Tsai is one of the judges of the Entrepreneurs Fund competition, which will crown three winners later Tuesday and see the Fund invest up to $1 million in each, as well as offering know-how and support through Alibaba’s rich technology ecosystem.

The competition, also sponsored by Hong Kong Cyberport Management Co. Ltd. and Hong Kong Science and Technology Parks Corp., started earlier this year and has winnowed competitors down from the original 600 pitches.

Tsai congratulated finalists for making it this far, noting the probability of being one of the last six finalists is only 1%, and to be one of three winner is 0.5%. Numbers and winning aside, Tsai had encouraging words for the gathered competitors.

“You will learn a lot from this process—what it takes to build a company,” he said

Tsai also plugged Hong Kong as a good place to found a start-up company.

“I’m very optimistic about Hong Kong, and Hong Kong as a hotbed of innovation for start-ups,” Tsai said.

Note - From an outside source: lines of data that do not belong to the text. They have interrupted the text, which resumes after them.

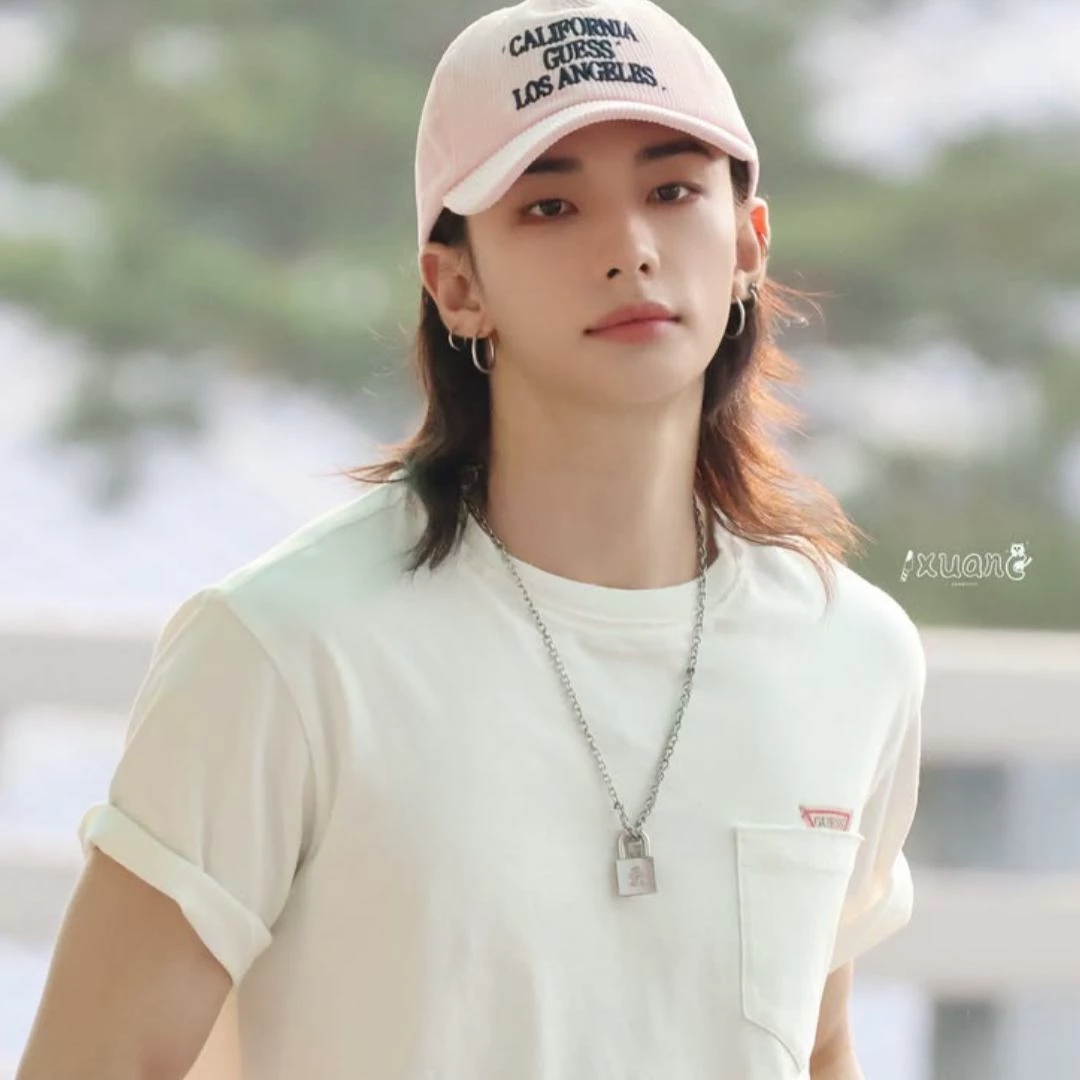 Hwang Hyunjin thumbnail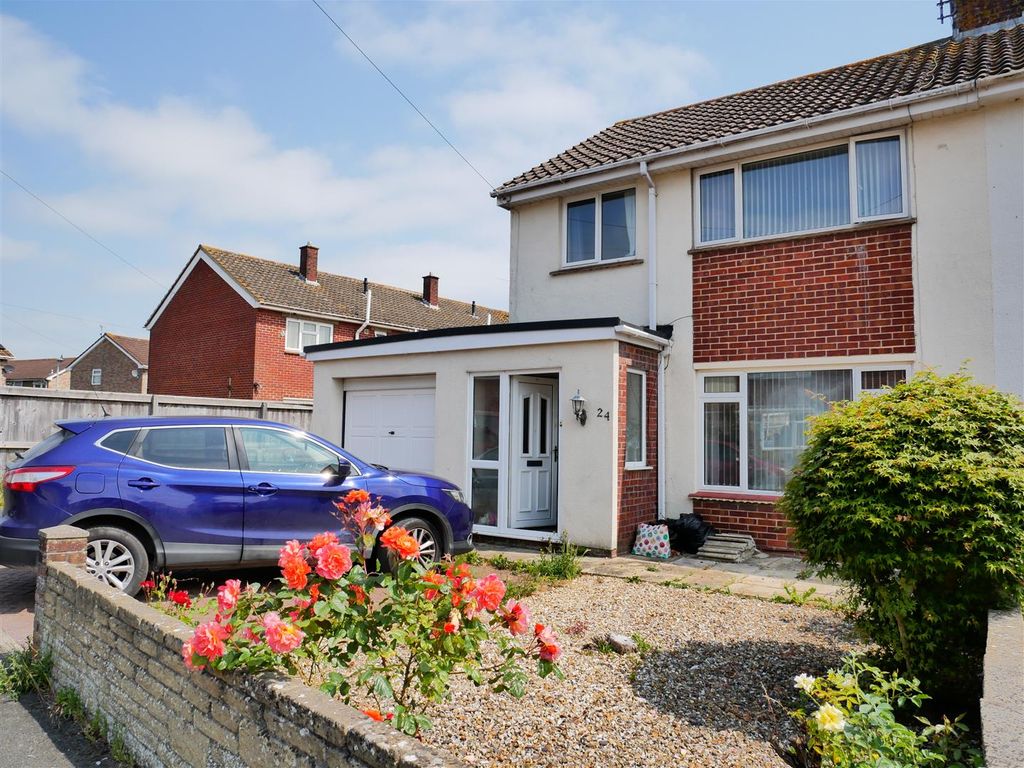 3 bed semidetached house for sale in Baydon Grove, Calne SN11 Zoopla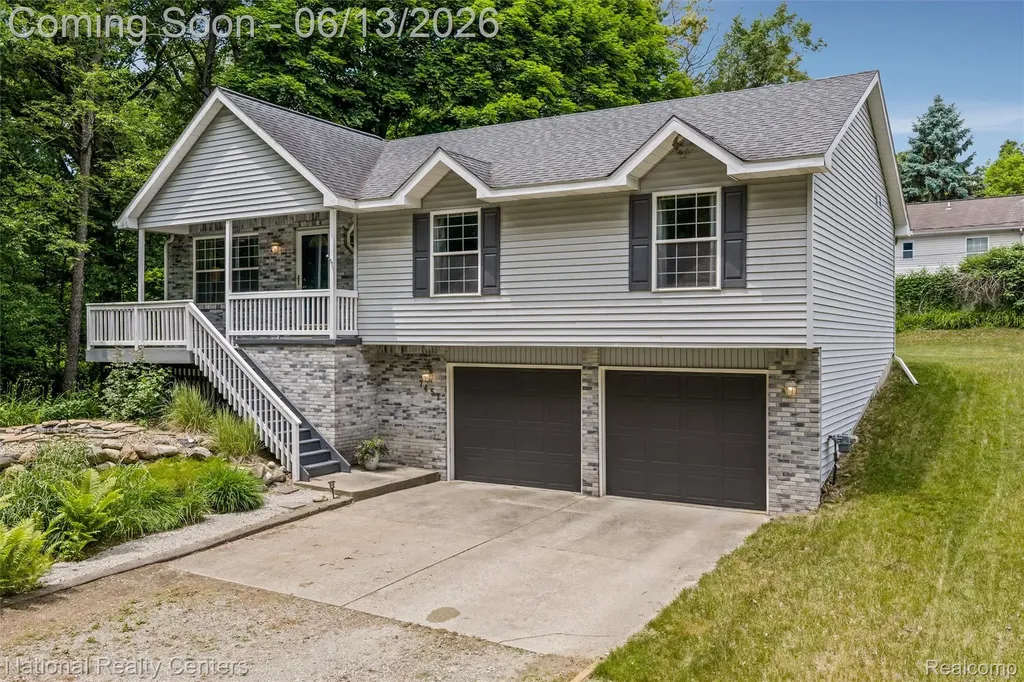 7451 Garland Avenue Hamburg Township MI 48116
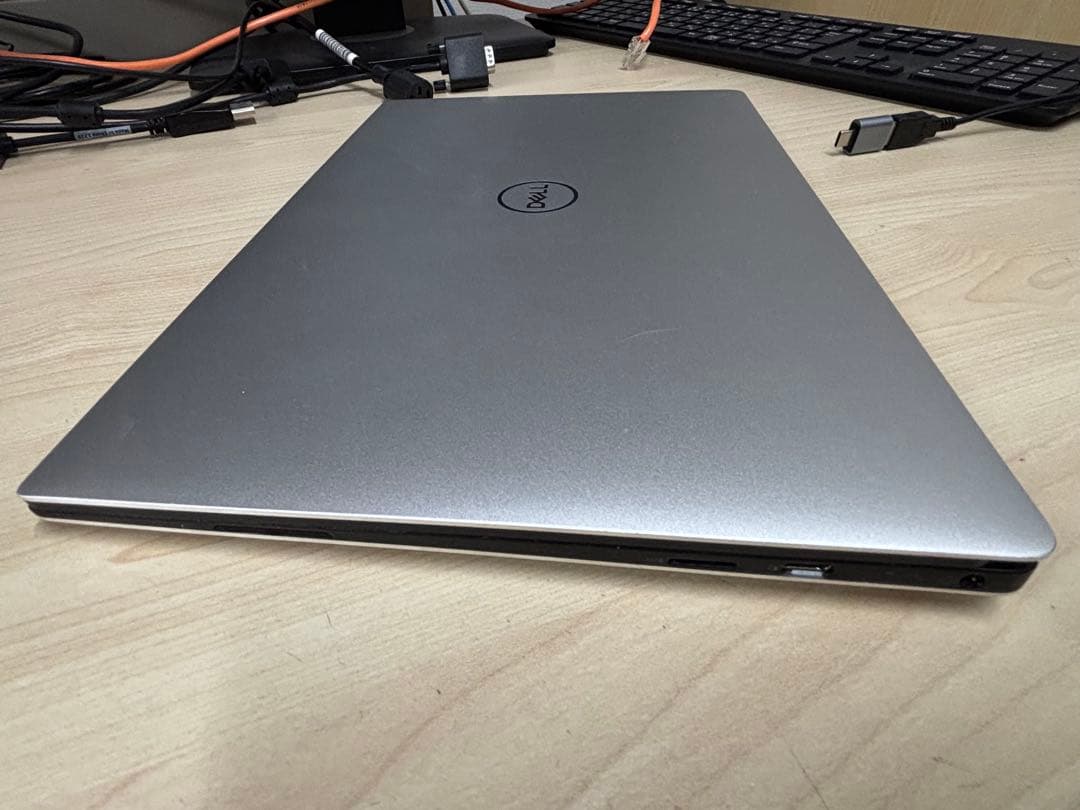 Dell XPS 13(9380)　i5-8265U Windows11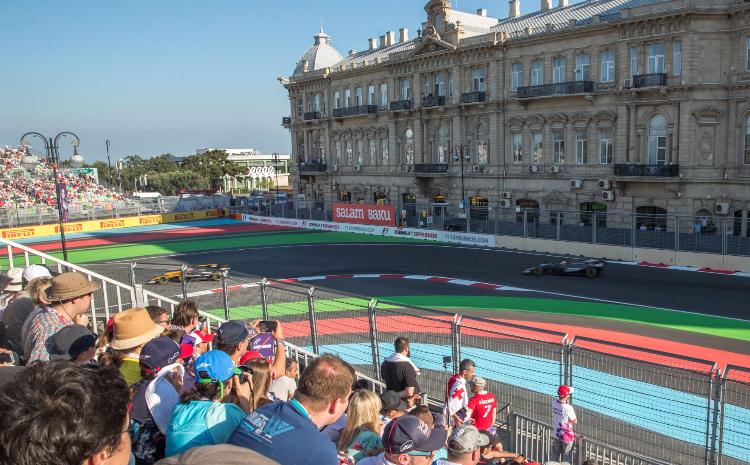 Filarmoniya tribunasına olan biletlərin hamısı satılıb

Tsai said 12% of the competitors in Jumpstarter 2017 were women, which was encouraging, but not good enough. A total of 12% of the entries also originated from overseas teams that have based their start-ups in Hong Kong, also not bad, but a number that he’d like to see be even higher.

“We need more women entrepreneurship, and we need more recognition that Hong Kong is a viable place to start your business,” Tsai said.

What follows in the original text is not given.